Fat-Soluble Vitamins
Unlike their water-soluble cousins, fat-soluble vitamins are stored in the liver and fatty tissue of the body. Because surplus amounts of fat-soluble vitamins go to the liver for storage, potential health risks are associated with having too much of them in the body.
The fat-soluble vitamins are A, D, E, and K. Vitamin A is consumed primarily from animal sources of food or, if needed, the human body can convert beta-carotene found in plant sources into vitamin A — for example carrots, spinach, beets. This vitamin plays multiple roles: eye health, bone growth, tooth development, reproduction, cell division, and regulation of the immune system.
Vitamin A is also an important antioxidant. However, consuming too much Vitamin A over an extended period of time can be toxic. The body won’t convert beta-carotene into vitamin A when there are adequate amounts of the vitamin in the body. Because of this natural process, foods with beta-carotene don’t cause vitamin A toxicity.
Vitamin D, known as the sunshine vitamin, has been popular recently thanks to the vast role it plays in our health. Functionally, vitamin D aids in the absorption of calcium and phosphorus, bringing both to our bones and teeth, and regulates how much calcium remains in our blood.
Vitamin D also plays a role in muscle function and allows the brain and body to communicate through our nervous system. This vitamin has also been linked to improving symptoms of depression.
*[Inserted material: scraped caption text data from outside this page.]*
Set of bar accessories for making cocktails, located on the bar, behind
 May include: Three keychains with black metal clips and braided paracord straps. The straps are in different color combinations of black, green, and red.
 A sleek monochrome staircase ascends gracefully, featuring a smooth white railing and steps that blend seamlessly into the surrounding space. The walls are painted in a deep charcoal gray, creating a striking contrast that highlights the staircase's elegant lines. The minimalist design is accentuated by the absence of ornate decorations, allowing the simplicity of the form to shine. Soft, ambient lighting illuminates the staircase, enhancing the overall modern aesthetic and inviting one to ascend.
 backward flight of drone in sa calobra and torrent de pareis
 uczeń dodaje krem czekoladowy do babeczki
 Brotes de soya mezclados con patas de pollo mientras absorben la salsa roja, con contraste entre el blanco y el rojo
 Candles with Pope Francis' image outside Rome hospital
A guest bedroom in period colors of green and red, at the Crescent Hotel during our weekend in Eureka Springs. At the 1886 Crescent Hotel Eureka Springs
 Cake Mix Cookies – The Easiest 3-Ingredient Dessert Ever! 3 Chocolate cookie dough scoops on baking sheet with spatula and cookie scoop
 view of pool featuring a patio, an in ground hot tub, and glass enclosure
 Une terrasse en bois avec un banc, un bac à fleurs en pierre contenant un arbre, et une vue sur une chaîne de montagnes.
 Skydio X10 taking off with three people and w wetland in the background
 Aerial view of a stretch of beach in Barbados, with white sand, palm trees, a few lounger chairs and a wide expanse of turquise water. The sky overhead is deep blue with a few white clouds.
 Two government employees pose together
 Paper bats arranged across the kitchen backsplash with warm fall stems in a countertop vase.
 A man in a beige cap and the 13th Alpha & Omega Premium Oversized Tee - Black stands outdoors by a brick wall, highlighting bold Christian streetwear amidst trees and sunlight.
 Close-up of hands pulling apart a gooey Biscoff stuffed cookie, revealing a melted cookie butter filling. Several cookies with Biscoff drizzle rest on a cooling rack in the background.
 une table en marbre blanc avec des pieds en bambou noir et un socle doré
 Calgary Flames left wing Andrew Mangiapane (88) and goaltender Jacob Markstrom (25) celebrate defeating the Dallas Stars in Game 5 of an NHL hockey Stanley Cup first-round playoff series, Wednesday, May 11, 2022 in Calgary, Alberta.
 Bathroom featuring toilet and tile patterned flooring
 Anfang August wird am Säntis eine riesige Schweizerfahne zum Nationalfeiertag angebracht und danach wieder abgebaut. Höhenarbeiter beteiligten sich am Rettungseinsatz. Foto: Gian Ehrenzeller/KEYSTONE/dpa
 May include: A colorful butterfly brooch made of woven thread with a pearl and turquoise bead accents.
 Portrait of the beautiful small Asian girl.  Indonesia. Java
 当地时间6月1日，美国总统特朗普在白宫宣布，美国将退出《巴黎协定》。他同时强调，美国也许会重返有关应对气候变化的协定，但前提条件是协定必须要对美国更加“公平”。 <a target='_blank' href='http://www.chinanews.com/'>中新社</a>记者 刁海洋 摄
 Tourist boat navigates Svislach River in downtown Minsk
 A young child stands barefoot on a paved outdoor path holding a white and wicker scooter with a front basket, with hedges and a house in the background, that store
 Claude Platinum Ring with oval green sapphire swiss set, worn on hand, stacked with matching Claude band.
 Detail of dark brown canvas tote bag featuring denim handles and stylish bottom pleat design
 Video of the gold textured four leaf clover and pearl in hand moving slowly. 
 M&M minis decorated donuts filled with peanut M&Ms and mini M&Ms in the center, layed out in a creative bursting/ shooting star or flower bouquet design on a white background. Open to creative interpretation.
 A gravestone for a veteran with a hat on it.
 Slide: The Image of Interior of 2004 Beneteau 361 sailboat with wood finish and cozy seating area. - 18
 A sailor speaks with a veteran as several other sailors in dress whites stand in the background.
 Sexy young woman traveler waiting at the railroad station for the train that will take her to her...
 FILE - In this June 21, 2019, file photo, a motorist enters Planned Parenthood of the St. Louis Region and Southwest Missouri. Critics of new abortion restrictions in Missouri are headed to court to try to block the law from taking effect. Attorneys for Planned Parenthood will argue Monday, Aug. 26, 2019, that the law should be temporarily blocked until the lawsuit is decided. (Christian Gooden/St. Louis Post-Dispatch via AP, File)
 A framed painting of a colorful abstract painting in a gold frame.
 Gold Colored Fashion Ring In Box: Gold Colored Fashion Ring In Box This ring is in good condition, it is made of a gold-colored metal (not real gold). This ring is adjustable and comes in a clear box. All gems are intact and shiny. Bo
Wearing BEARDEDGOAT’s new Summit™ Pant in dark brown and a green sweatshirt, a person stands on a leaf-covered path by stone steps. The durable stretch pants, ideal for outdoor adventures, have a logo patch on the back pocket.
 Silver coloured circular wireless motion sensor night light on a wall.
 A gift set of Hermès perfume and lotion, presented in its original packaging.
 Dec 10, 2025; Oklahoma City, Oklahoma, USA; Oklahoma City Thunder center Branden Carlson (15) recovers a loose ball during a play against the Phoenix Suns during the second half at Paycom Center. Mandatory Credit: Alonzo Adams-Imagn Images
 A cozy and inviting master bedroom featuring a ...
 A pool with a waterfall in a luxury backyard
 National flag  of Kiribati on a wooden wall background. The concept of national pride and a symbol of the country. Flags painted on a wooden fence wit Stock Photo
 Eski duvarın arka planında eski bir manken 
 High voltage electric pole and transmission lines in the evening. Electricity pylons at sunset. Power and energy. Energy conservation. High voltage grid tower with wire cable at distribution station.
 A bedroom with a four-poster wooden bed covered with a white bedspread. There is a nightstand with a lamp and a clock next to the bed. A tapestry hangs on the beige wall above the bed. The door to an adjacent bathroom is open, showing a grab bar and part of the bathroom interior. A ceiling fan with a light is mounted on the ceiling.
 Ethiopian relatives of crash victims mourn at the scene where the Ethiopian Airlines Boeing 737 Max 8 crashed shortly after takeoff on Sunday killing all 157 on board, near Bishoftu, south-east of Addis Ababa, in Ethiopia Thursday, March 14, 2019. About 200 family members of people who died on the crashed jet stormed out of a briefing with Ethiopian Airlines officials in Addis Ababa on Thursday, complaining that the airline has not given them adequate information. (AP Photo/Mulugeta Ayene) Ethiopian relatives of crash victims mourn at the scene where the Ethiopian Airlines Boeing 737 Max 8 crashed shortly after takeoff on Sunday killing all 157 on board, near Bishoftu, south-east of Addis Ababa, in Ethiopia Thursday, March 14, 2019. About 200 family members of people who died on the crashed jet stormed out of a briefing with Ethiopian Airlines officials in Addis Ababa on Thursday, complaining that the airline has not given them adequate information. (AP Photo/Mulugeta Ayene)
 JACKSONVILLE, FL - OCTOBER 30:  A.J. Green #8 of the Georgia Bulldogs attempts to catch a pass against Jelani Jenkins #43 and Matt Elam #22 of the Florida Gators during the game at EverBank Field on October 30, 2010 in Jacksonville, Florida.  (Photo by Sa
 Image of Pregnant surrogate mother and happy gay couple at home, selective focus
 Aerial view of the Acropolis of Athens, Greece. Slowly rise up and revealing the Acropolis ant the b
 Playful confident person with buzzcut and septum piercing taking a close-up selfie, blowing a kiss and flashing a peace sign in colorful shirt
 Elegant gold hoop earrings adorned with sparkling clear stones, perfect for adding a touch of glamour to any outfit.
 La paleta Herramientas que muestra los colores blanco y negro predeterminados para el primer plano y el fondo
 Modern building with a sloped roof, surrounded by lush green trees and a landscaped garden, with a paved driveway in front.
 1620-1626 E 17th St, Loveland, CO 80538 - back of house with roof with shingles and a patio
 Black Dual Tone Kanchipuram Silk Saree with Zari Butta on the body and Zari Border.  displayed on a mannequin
The three sources of Vitamin D are diet, sunlight, and supplementation (vitamins or fortified dairy products). The food sources of vitamin D are somewhat limited, but include milk and other fortified dairy products, cod and oily fish (herring, sardines, salmon), and mushrooms. The body has the unique ability to produce vitamin D through the skin in response to direct sunlight. Getting outside is one way to increase our daily dose of vitamin D.
Vitamin E’s primary function is an antioxidant protecting red blood cells, vitamins A and C, and essential fatty acids from destruction. Vitamin E sources include vegetable oil, fruits and vegetables, grains, nuts (almonds and hazelnuts), seeds (sunflower), and fortified cereals.
Vitamin K plays a key role in helping the blood clot, which prevents excessive bleeding. The main dietary sources of the vitamin are from leafy greens. Vitamin K is another vitamin the body has the unique ability to produce on its own. Bacteria synthesize it during digestion in the intestinal system. Because the body produces ample amounts of vitamin K, there’s little need to supplement this vitamin.
Who Should Take Supplements?
Regardless if a vitamin is water- or fat-soluble, the human body only needs small amounts. When you eat a balanced diet there’s rarely a need to supplement at all. But certain medical conditions, malabsorption disease, poor intake, pregnancy, and lack of sunlight may make it necessary to supplement with additional vitamins and minerals.
In addition to people with these and other medical conditions, these groups of people could benefit from dietary supplements:
- Vegetarians may want to consider taking additional B12
- Mothers who are breast-feeding should consider supplementing with additional vitamin D after the first few months
- Women who are considering becoming pregnant can benefit by taking folate and other pre-natal vitamins
- Elderly people who do not eat enough or don’t eat well-balanced diets could benefit from multi-vitamins
- Anyone who doesn’t go outside in the sun should consider a vitamin D supplement
In all cases and conditions, it’s best to check with a registered dietitian or your doctor regarding supplementing vitamins in your daily diet. Supplements can interact with medications you may be taking and cause them to be inactive or hyperactive. Vitamins can be an expensive investment and may not do much at all.
Our bodies are complex and the best way to get your essential vitamins is to eat whole, real foods that are high in nutrients and low in calories. If you’re healthy and eat a well-balanced diet, chances are good you don’t need to take additional vitamins.